The unpleasant incident had come to light after a photo showing the fragmented door was uploaded by the Association of Art Historians (SATAD) on its social media platforms. “The door must be put under protection,” SATAD said in the post.
Most recently, the walls of the Imperial Hall have been scraped away by assailants and taken in plastic bags.
As the incident received backlash from the public, security measures have been tightened inside the mosque.
The hall, which includes the scraped walls and the vandalized Imperial Gate, is now being protected via a black stripe.
There are five to six security personnel along the hall, and while some guard the corridor, others wait in front of the gates.
Almost 70 security guards work in shifts in the mosque, along with the tourism police.

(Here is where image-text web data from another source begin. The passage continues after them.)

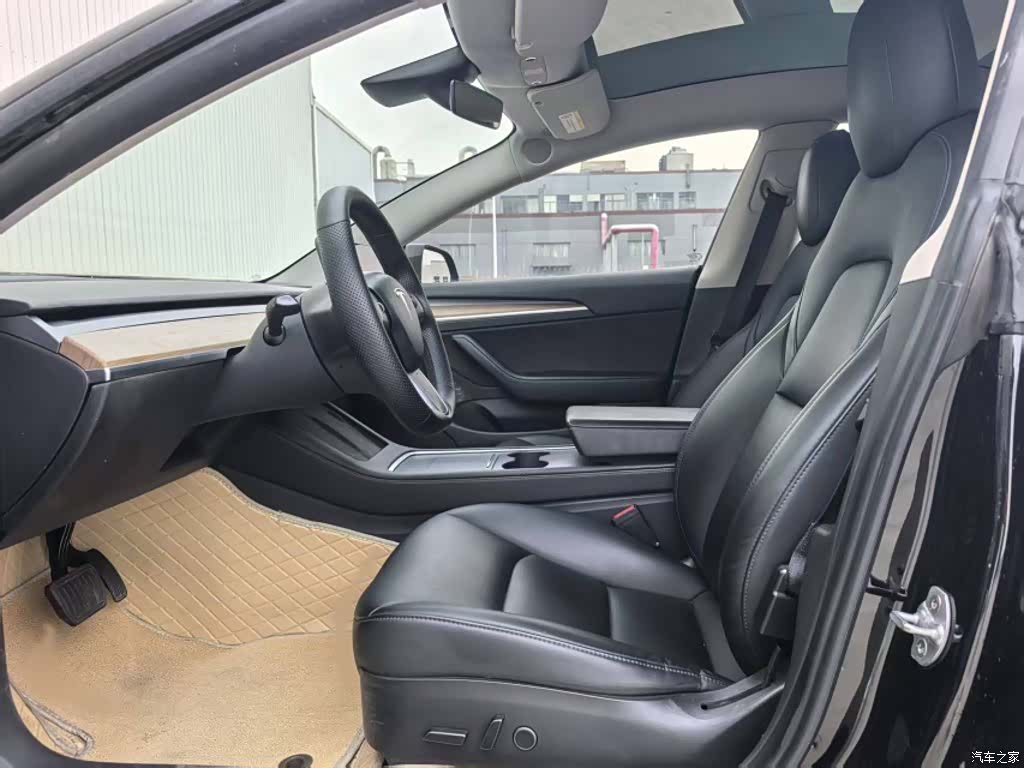 Tesla Model 3, 2021 14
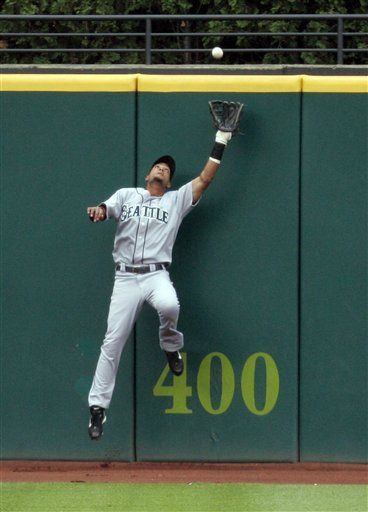 MLB: Marineros 3, Indios 1; Gutiérrez pega otro batazo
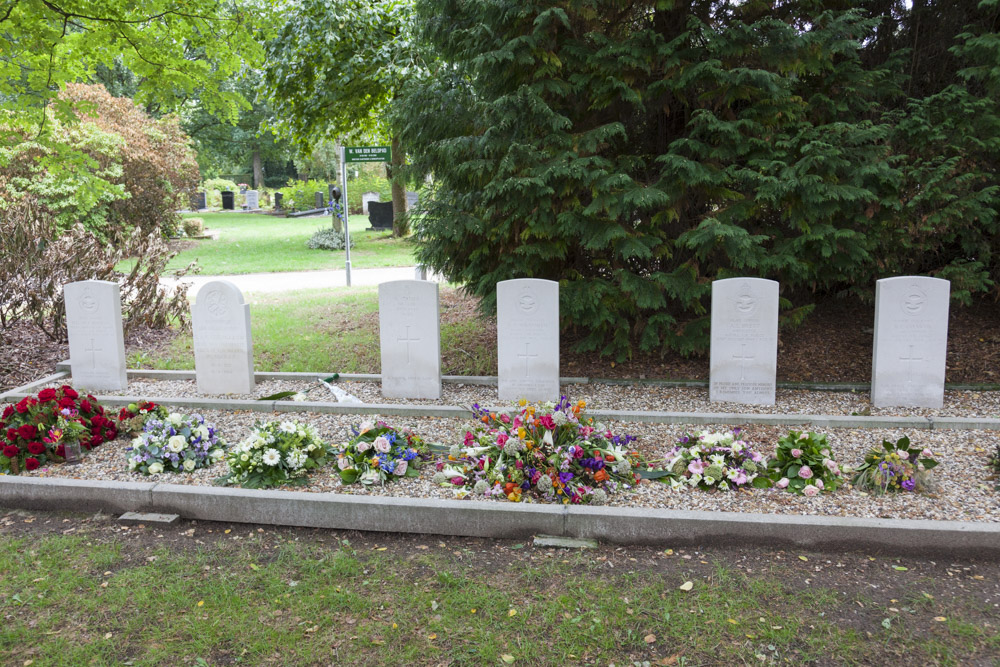 Commonwealth War Graves General Cemetery Moscowa Arnhem #3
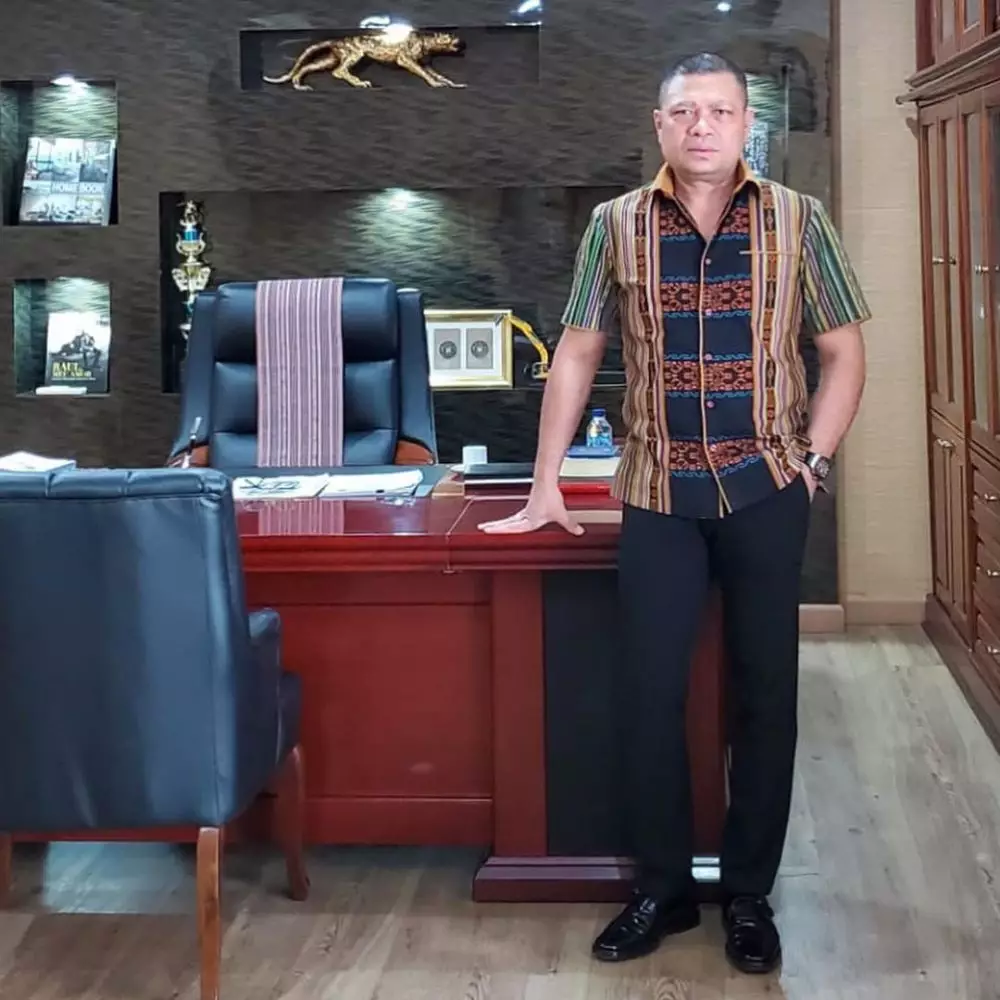 ruang kerja raul lemos © 2020 brilio.net ruang kerja raul lemos © 2020 brilio.net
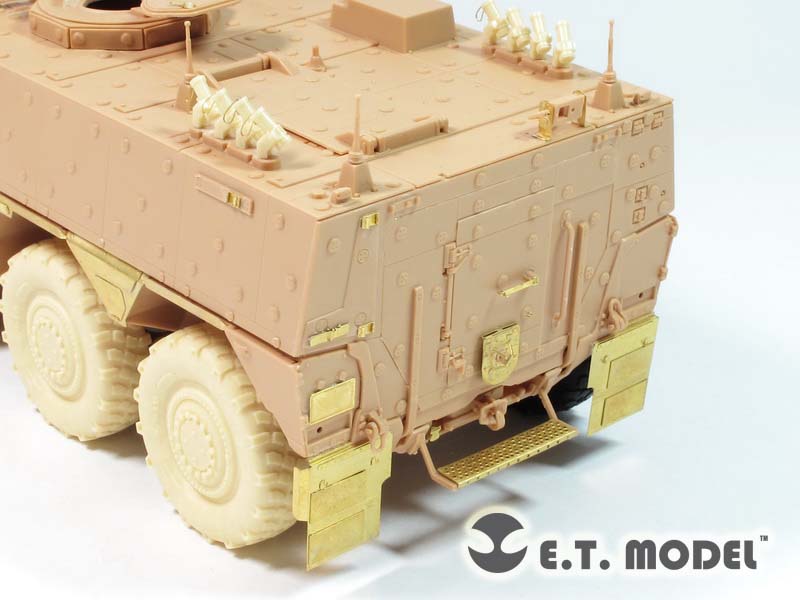 E.T. Model 1:35 Modern German Boxer MRAV Detail Set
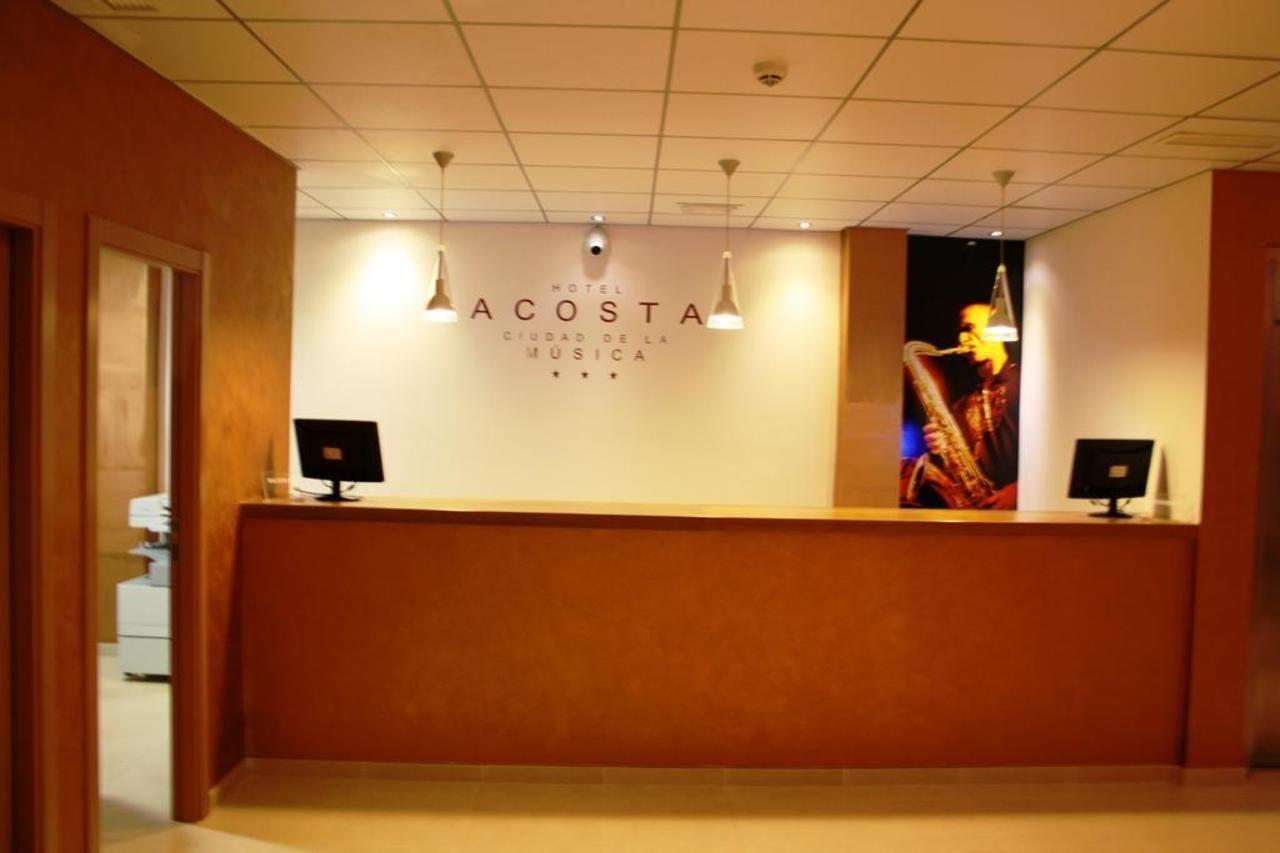 Hotel Acosta Ciudad De La Musica บีญาฟรังกา เด ลอสบาร์รอส ภายนอก รูปภาพ
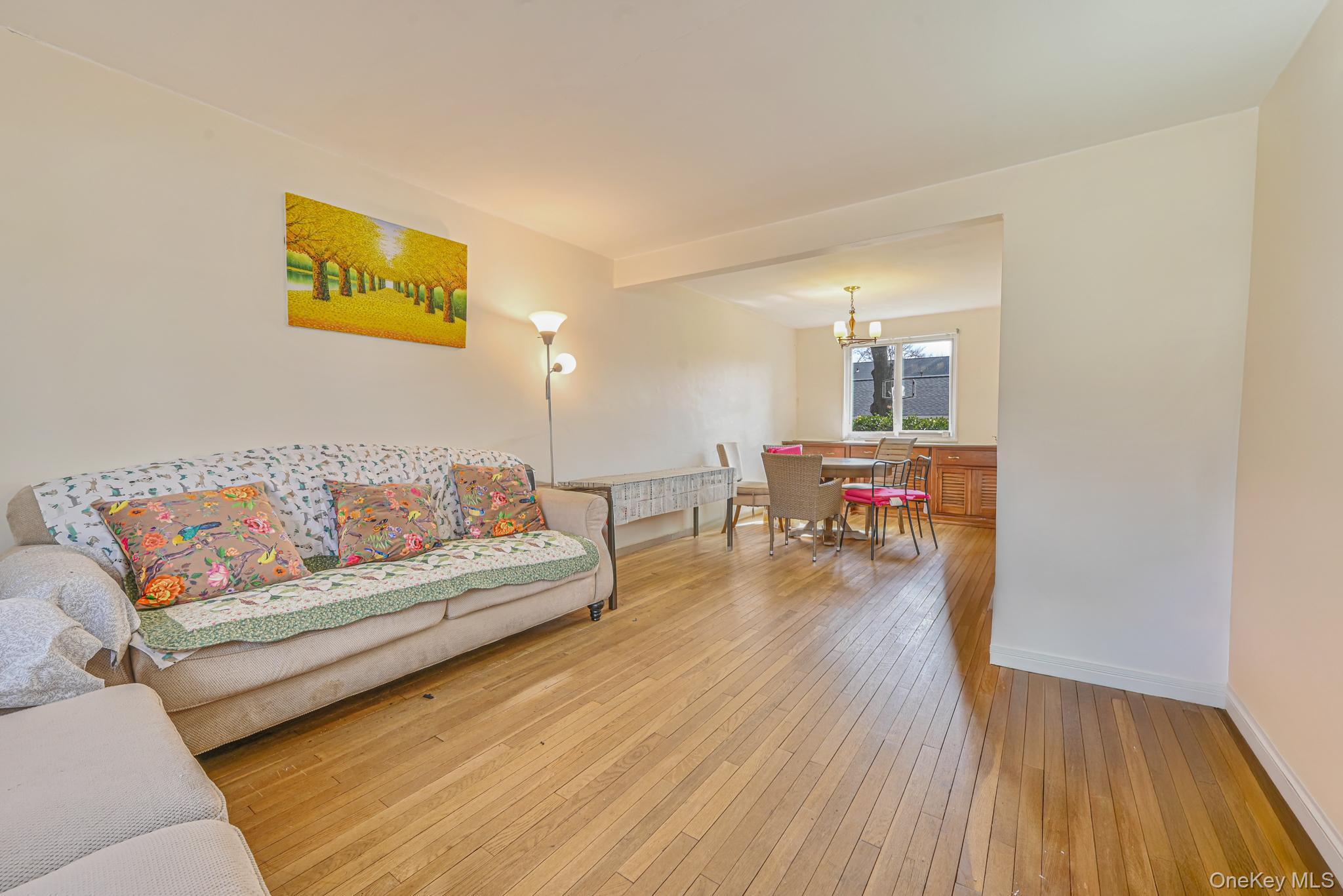 #2 photo, 216-06 68 Avenue, クイーンズ区 Oakland Gardens , NY 11364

The Imperial Gate is one of the nine doors that opens to the main hall of the mosque. The door is called “Imperial Gate” because it was used by emperors in the past.
The Imperial Hall is about 100 steps long. In the middle, there is the “Imperial Gate,” and on its left and right, there are four other doors on each side. Only five of these doors are open.
If there are crowds, these can be opened to the public on Fridays and holidays.
The top section of the mosque is under restoration and thus is currently closed to visitors. The end of the Imperial Hall opens to the mosque’s square. This section is used as the exit as it used to be during Byzantine times.
Here there are mosaics depicting Constantine the Great, Justinian the Great, Jesus Christ and Virgin Mary.
The mosaics are safe from visitors due to their elevated position.
The vandalized door and the wall are located there.
According to officials, it is not easy to ‘scrape’ other parts of the hallway since those sections are covered with stones and marble. As this part of the gate is covered with plaster and whitewash, it renders it the most sensitive and weak part.
“Hence, it was chosen as an easy target,” the officials said.
Hagia Sophia is a prominent tourist attraction in Istanbul.
The number of daily visitors can reach up to 40,000. Even on the weekdays, there is an influx of foreign tourists.
In addition, there is concern that the number of visitors at this rate might affect the natural texture of the building in the long term.
Domestic and foreign tourist visits are expected to increase in the summer months. It is expected that discussions about Hagia Sophia will continue.
Built in 537 as the largest Christian church of the eastern Roman Empire, Hagia Sophia was converted into a mosque in 1453, after the conquest of Istanbul.
The complex remained a mosque until 1935 when it was reopened, after a four-year closure, as a museum. In July 2020, the Council of State annulled the 1934 decision to establish the museum, and the Hagia Sophia was reclassified as a mosque.